The Occupational Safety & Health Administration recently released a report entitled, “Adding Inequality to Injury: The Costs of Failing to Protect Workers on the Job.” Detailed in the report are examples of how workplace injuries serve to create financial burdens which negatively impact the overall economic and social standing of those workers and families impacted.
Also discussed is how changes in many states’ workers’ compensation programs are failing injured workers who end up shouldering many of the injury-related costs that were previously covered by employers.
Many people still think of America as the land of opportunity where, through hard work, an individual can achieve financial success. However, increasingly workers in many U.S. segments no longer share this idyllic viewpoint. Gone largely are the days of employer and employee loyalty when an individual obtained a job with a company through which they are able to advance and successfully grow. Today, in many industries including manufacturing and construction, there’s been an increasing reliance on contract and independent laborers.
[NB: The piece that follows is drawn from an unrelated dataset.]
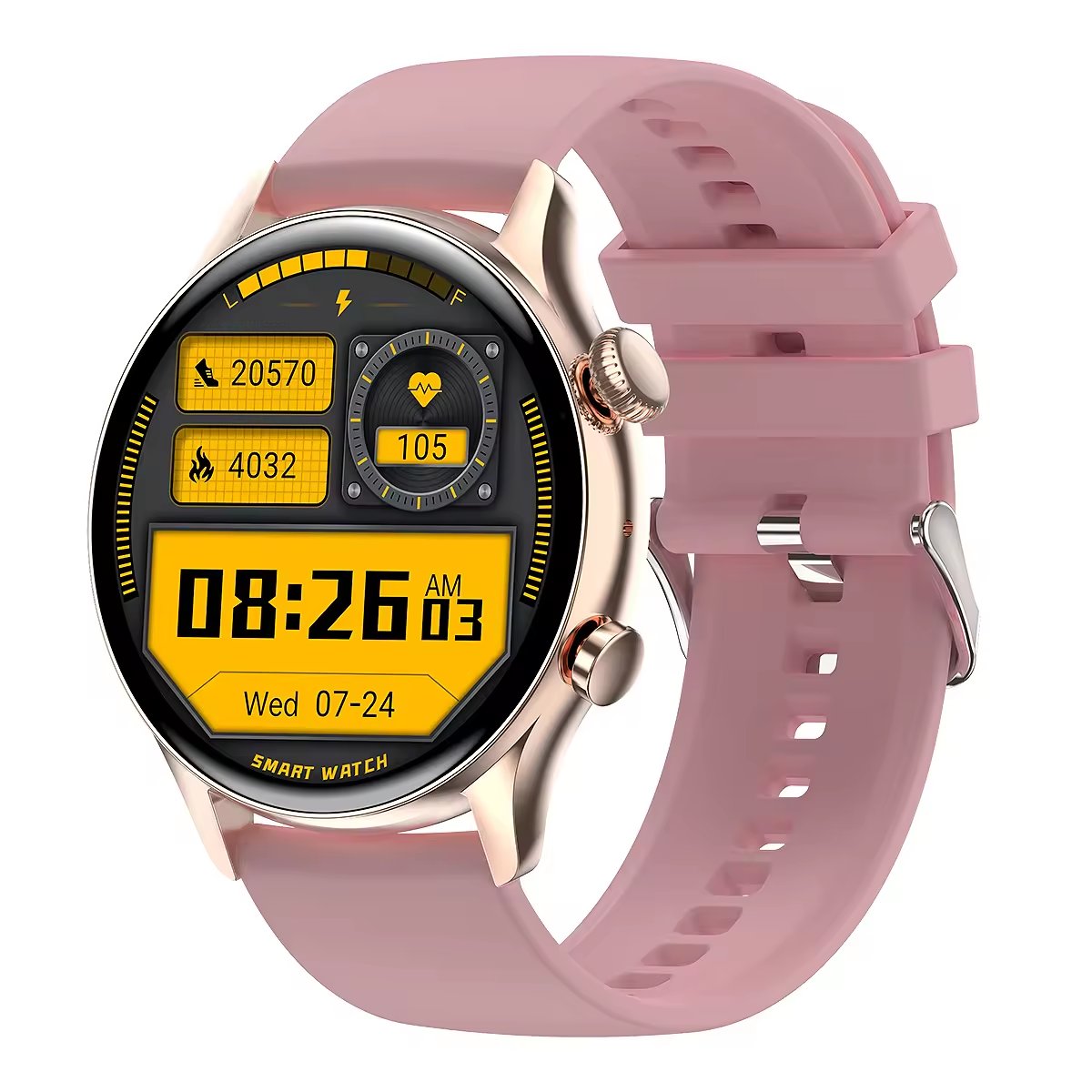 2024 New Full Amoled Display Hk8 Pro Smartwatch Bt Calling Music Play Nfc Bp Bo Hr Monitor Sport Smart Watch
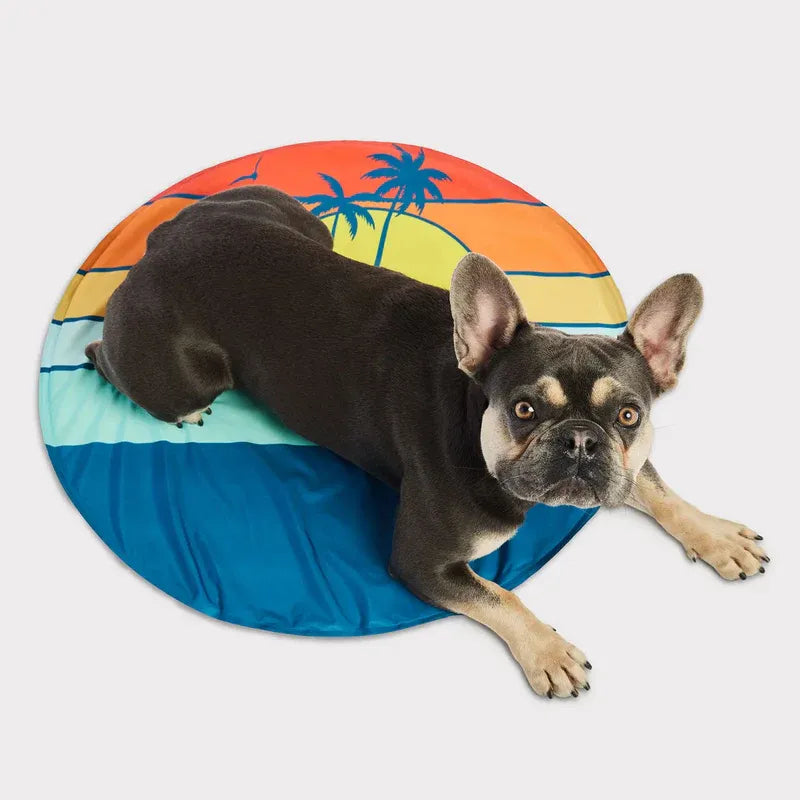 GF Pet Round Ice Mat Dark Blue Sunset 24"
Take for example a construction worksite where dozens of workers are responsible for carrying out assigned duties, the vast majority of which are contractors. In some cases, workers from several different companies may be assigned to the same worksite. This type of situation presents many unknowns and safety concerns as those individuals tasked with managing a worksite may have no idea about each worker’s level of experience and training.
Additionally, employers within the construction industry are often guilty of misclassifying independent contractors which employers frequently use to their advantage to avoid compliance with OSHA regulations. What’s more, in cases where an independent contractor is injured on the job, he or she isn’t able to recover workers’ compensation benefits.